— Да ты, брат Коля, прямо парашютист…
Хохот заглушил слова Бориса Афанасьевича.
Прибыли в село Шаумян. Привели себя в порядок, представились командиру полка.
— Давно вас ждем, товарищу командиры, — радушно сказал подполковник Воеводский. Обернулся к стоявшему рядом комиссару полка Синельникову и поднял вверх срезанный осколком большой палец правой руки. — Живем! Каковы орлы! Почти у всех боевой опыт. Это много значит, очень много, дорогой мой комиссар.
— Конечно, Иван Николаевич, живем, — в тон ему ответил комиссар полка. — В батареях оставалось по одному — два командира.
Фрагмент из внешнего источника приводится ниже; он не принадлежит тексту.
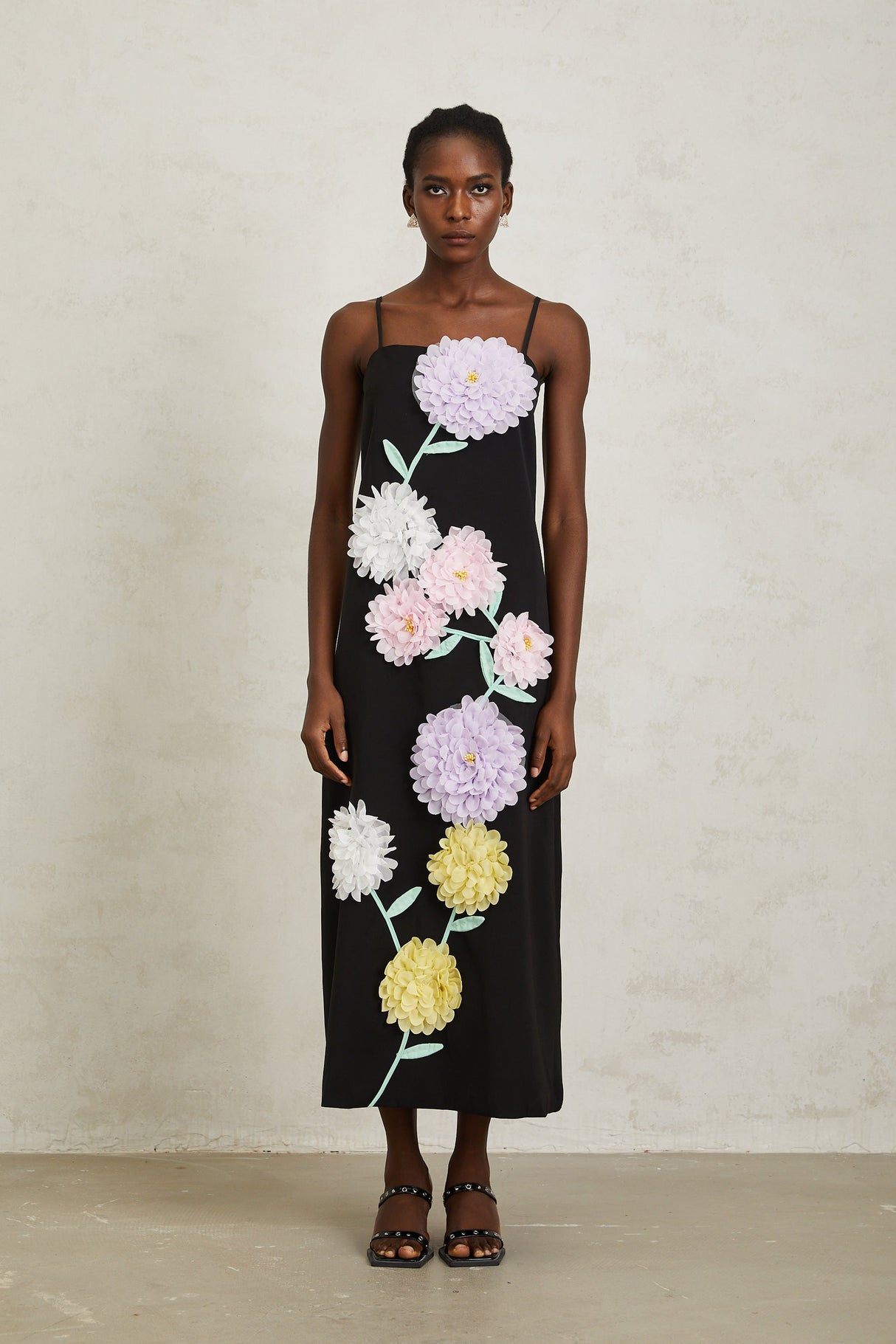 Aurohaya Véronique Black 3D Petal Sleeveless Midi Dress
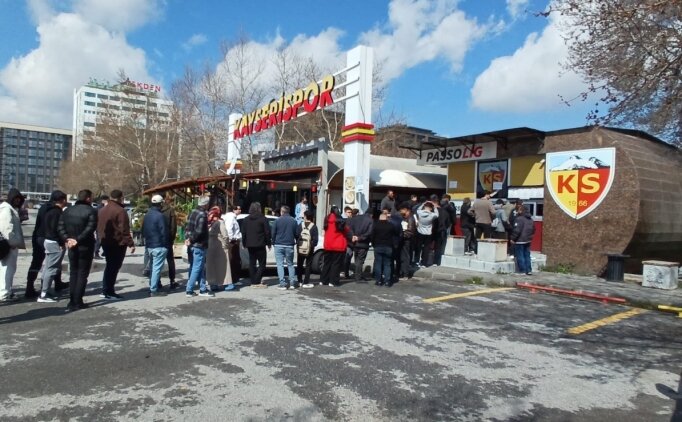 Kayserispor taraftarlar�ndan Fenerbah�e ma��n�n biletlerine b�y�k ilgi
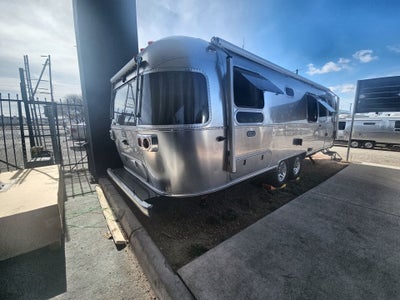 2026 Airstream 28RBT Base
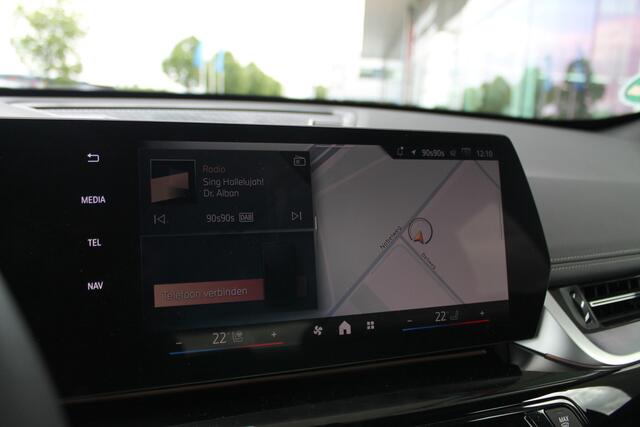 BMW X1 sDrive18i M Sport Automaat / Trekhaak / Sportstoelen / Adaptieve LED / M Adaptief onderstel / Comfort Access / Memory Seats / Stuurverwarming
Пополнение как нельзя кстати.
Батальонный комиссар окинул прибывших добрым взглядом и, представившись, сказал:
— Прошу любить и жаловать. Не стесняйтесь обращаться с любыми вопросами.
Синельников улыбнулся. Васнецов обратил внимание на его глаза — синие-синие. Невольно вспомнилось где-то прочитанное: синие глаза только у молодых душой, очень хороших людей. Синельников и впрямь оказался справедливым, знающем политработником.
После знакомства командир полка объявил назначения. Чигрин принял вторую батарею, Васнецов стал командовать в ней первым огневым взводом.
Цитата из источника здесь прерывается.